Elisa Vargas and JoEllen Kames are leading mpd²’s Customer-Driven Opportunities course for the first time, but the duo have a long-standing professional connection outside the classroom.

For a first-time teaching tandem, Elisa Vargas and JoEllen Kames are deeply familiar with each other.  

JoEllen KamesThe twosome team-taught the Customer-Driven Opportunities course in Northwestern Engineering's Master of Product Design and Development Management (mpd²) program for the first time this fall. The course kicks off mpd² students’ second year in the program.  

Though Vargas and Kames are new to sharing the same classroom space, they aren’t new to working together. The two frequently collaborated with one another from 2006-2014 while working at Motorola. Vargas and Kames first met in graduate school at the Illinois Institute of Technology's Institute of Design. 

Both said their familiarity proved beneficial for their students. 

Elisa Vargas“We complement each other very well,” said Kames, the director of user experience for the AI Cloud at Salesforce. “That second voice is great. It’s nice to have that extra ability to make sure we hear them and that it’s a good experience for them.”  

The course Vargas and Kames taught was an early reflection of the redesigned capstone experience mpd² program leaders have been working on for the past year-plus. The capstone is the culminating activity in the mpd² program and spans students' final three quarters. During capstone, students dive deeply into a topic of personal interest to design a product or service that answers an unaddressed customer need.  

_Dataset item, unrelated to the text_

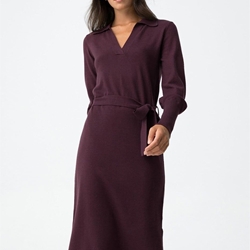 Vestido burdeos Con Cinturón Ajustable, Slave - Imagen 2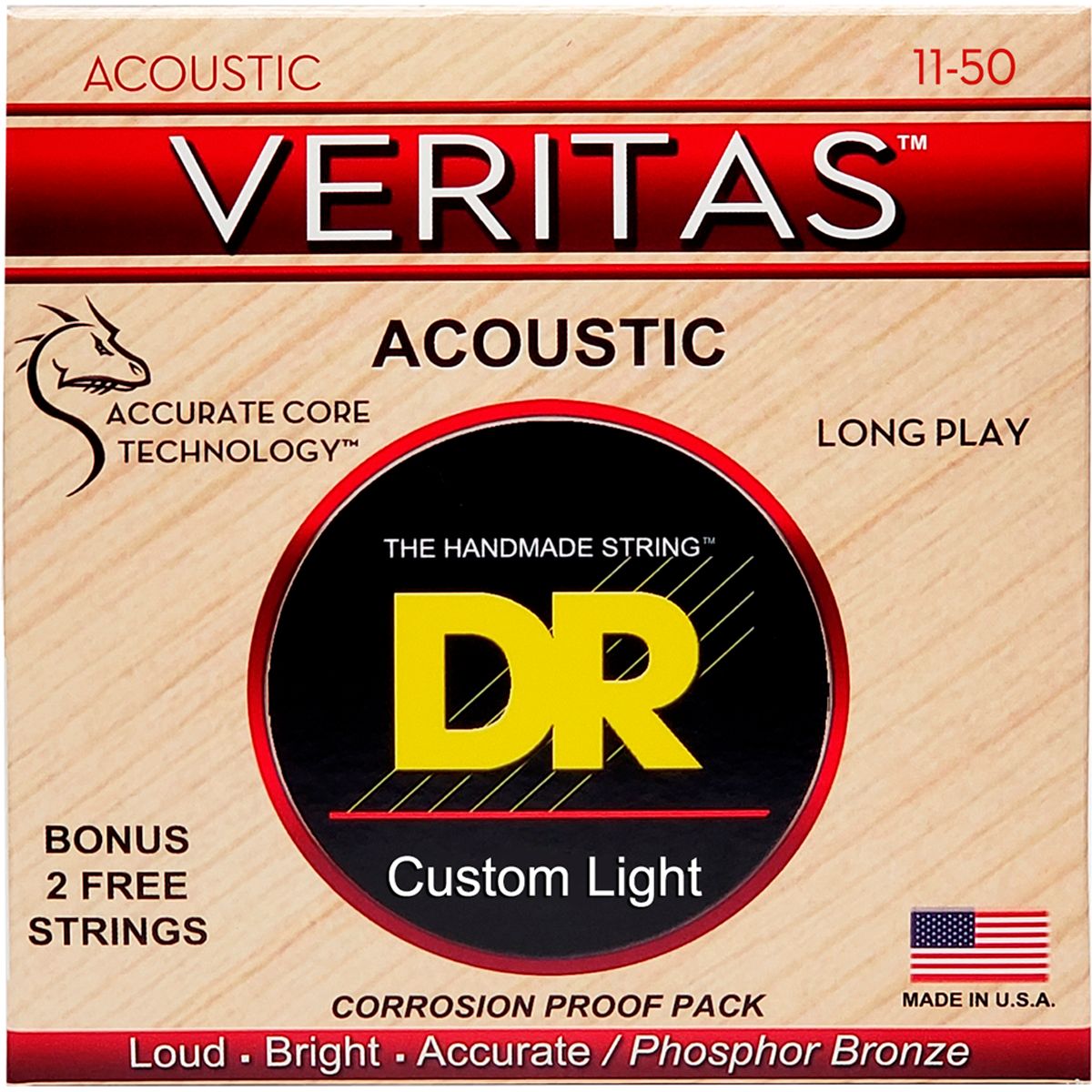 DR Strings VTA-11 Veritas western-guitar-strenge, 011-050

One of the updates to capstone is an increased emphasis earlier in the year on customer desirability. The Customer-Driven Opportunities course strongly pushes this principle. 

“People seemed to think that focusing on design thinking was going to be a panacea for everything,’ said Vargas, the director of product design at digital academic library JSTOR. “It’s not. What we're trying to instill in this course is that design thinking doesn't solve things if you aren't actually looking for the user problem and delivering that in a meaningful way.”  

That means the course has a strong emphasis on one of mpd²’s foundational principles: Human-centered design. This principle follows that the best way to develop truly useful products is to delve heavily into the problems faced by consumers to create goods and services that alleviate the pain points in their lives. The course helps students focus on conducting secondary research for their hypothesis about market needs and complimenting this with qualitative research with the target audience.  

The course also leans heavily on the deep well of professional experience owned by its two instructors. Prior to her current role, Vargas was director of product design at Grubhub and global UX design director at Motorola. Kames, meanwhile, previously was head of design and research at Narrative Science and held leadership positions at Northern Trust and Motorola. 

“Each of us brings in real examples, not just textbook examples, from our work into what we're explaining to students,” Vargas said. “We've been both researchers and hands-on designers and understand what is most useful for product management and engineering as they consider that user point of view.”  

The duo hoped that by the end of the course, students would have a stronger appreciation for how to more deeply understand their potential customers and how to apply that understanding to product development. 

“This might sound super lofty, but it's about instilling a sense of wonder in them about who these people are that they are going to make stuff for,” Kames said. 

Vargas agreed.  

“You need to understand what problem you're trying to solve and why that's important for these users,” she said. “This is why there's opportunity for innovation.”